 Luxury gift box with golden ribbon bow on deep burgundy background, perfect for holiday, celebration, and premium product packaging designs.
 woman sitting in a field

* * * * * * * * *

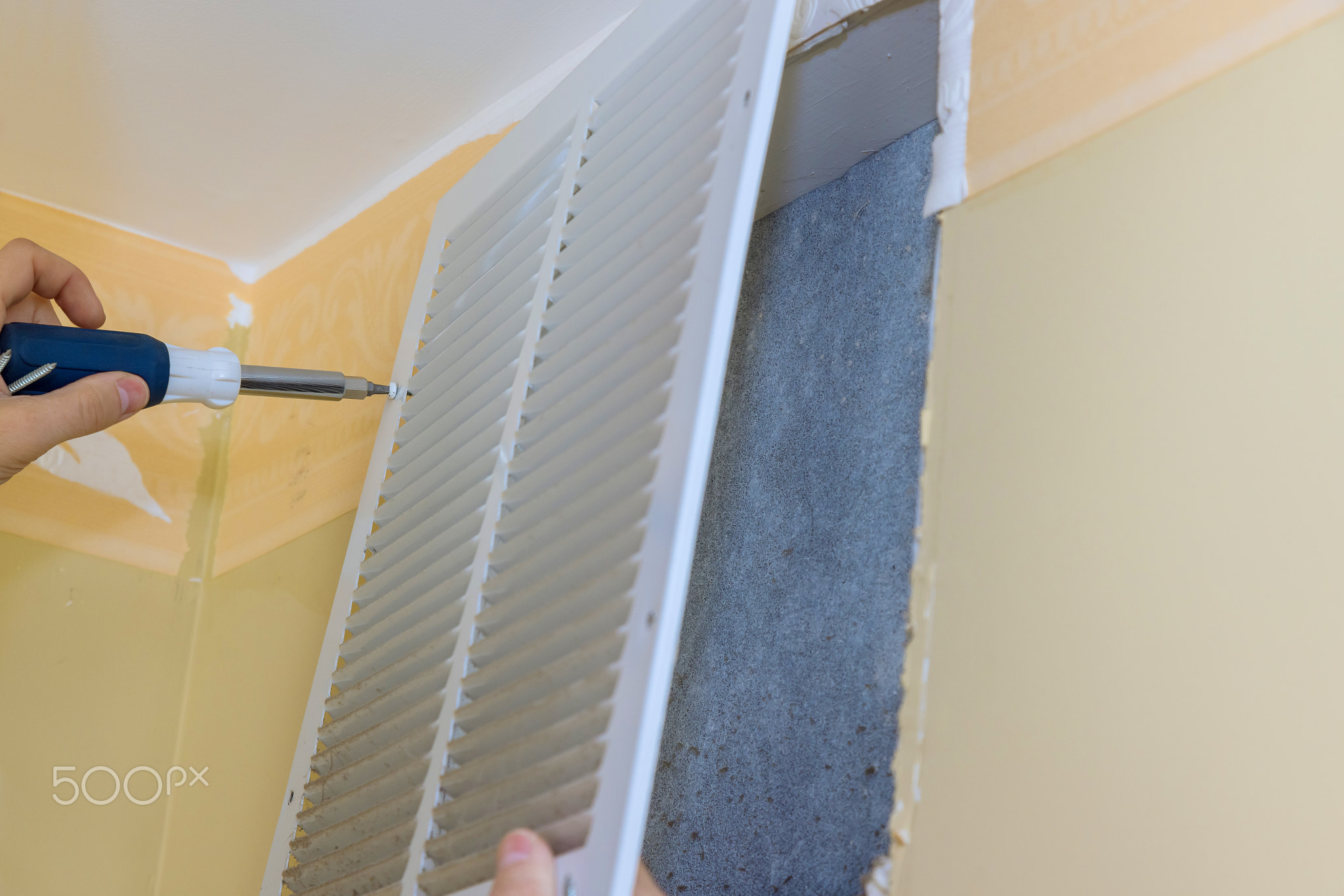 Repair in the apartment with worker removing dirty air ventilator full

* * * * * * * * *

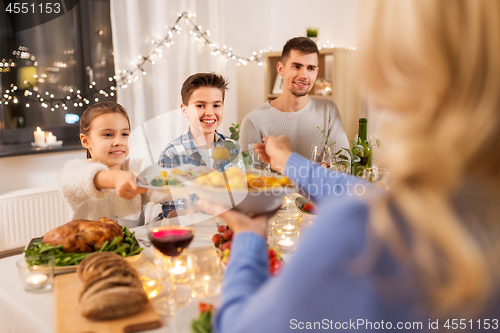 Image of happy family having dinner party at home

* * * * * * * * *

▸ **PROMPT**
Using the entries shown above, reproduce verbatim the lines from the line bearing "Luxury gift box" to the line bearing "woman sitting in a field", inclusive.

▸ **TASK OUTPUT**
 Luxury gift box with golden ribbon bow on deep burgundy background, perfect for holiday, celebration, and premium product packaging designs.
 woman sitting in a field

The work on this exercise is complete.